Sofern zB im Rahmen einer internen Untersuchung eine vorgenommene Datensichtung von Arbeitnehmer-Daten weitere Ergebnisse liefert, sollten Folgeinterviews mit Bedacht angesetzt werden – insbesondere, um keine Vorwarnung zu erzeugen, die zur Vernichtung von Beweismitteln oder zur Warnung Dritter führen könnte. Insgesamt gilt es, dass keine Schritte gesetzt werden sollten, die durch ein „frühzeitiges Aufmerksam-Machen“ der potenziell involvierten Arbeitnehmer auf die stattfindende Untersuchung den Ermittlungserfolg gefährden. Der betroffene Arbeitnehmer sollte daher kurzfristig (aber mit ausreichender Vorbereitungszeit) und unter Zusicherung absoluter Vertraulichkeit zum Interview gebeten werden. Die sorgfältige Protokollierung der Gespräche ist entscheidend für die Beweiskraft der Befragungsergebnisse.

Fazit
Eine strategisch geplante und rechtssichere Durchführung von Internal Investigations ist für Unternehmen unerlässlich.
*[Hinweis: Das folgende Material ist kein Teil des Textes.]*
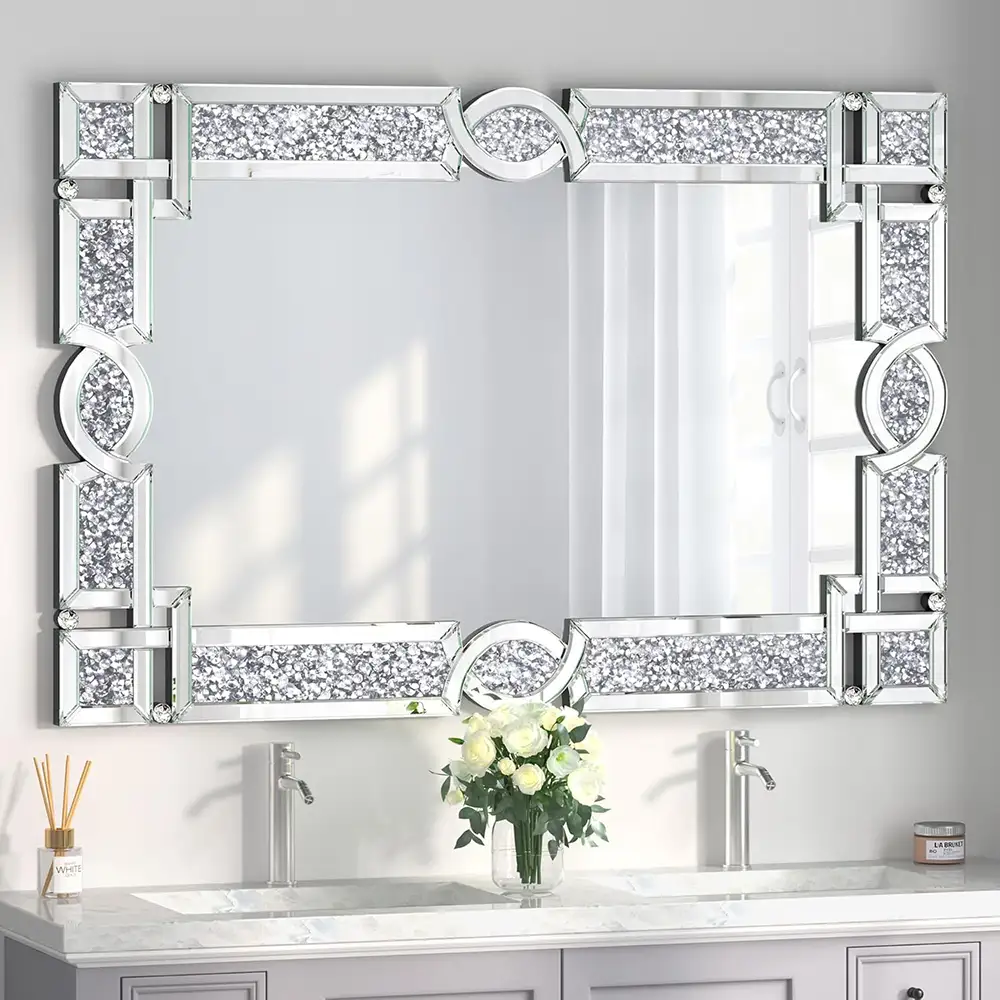 Decorative Mirrors for Bathroom, Crystal Crush Diamond Wall Mirror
Sie dient nicht nur der Aufklärung von Verdachtsmomenten, sondern hilft auch, rechtliche Risiken zu minimieren und ein wirksames Compliance-Management im Sinne einer positiven Unternehmenskultur zu gewährleisten. Besonders aus arbeitsrechtlicher Perspektive ist bei internen Untersuchungen hohes Fingerspitzengefühl gefragt – nicht zuletzt, weil oft sensible Themen mit potenziellen arbeitsrechtlichen Folgen berührt werden.
Quellenverzeichnis:
- Gahleitner/Kappel in Ruhmanseder, Interne Untersuchungen (2024) Rz 7.4 ff. Kietaibl/Rebhahn in Neumayr/Reissner, ZellKomm3 § 1153 ABGB (Stand 1. 1. 2018, rdb.at) Rz 34 ff.
- Körber-Risak/Lurf, Individualarbeitsrechtliche Aspekte unternehmensinterner Untersuchungen, ZAS 2017/35, 188 f.
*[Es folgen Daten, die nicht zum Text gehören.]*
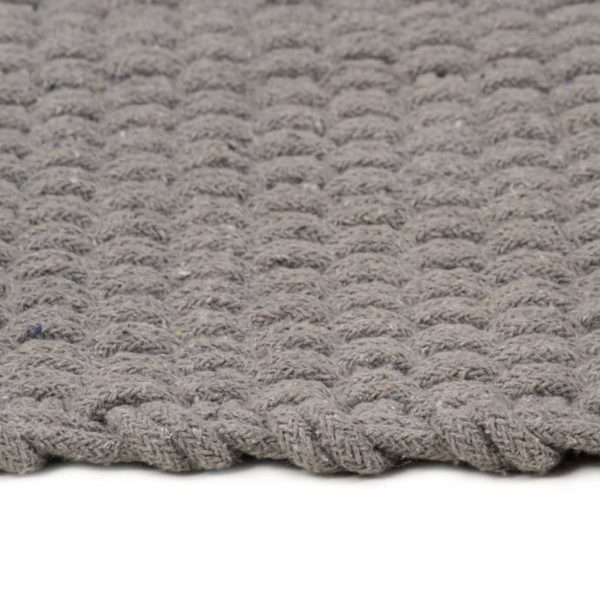 Tappeto Rettangolare Grigio 160x230 Cm In Cotone - Image 3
- Marhold in Marhold/Burgstaller/Preyer, AngG § 18 (Stand 1. 6. 2012, rdb.at) Rz 17 ff.
- Mayer, Anzeigepflicht des Arbeitnehmers, ZAS 2010/31.
- Petsche in Petsche (Hrsg), Whistleblowing & Internal Investigations2 (2023) Kapitel 2: Rechtlicher Rahmen für Internal Investigations.
- Prasser/Neubauer, Grenzen innerbetrieblicher Ermittlungsmaßnahmen, ZAS 2024/3.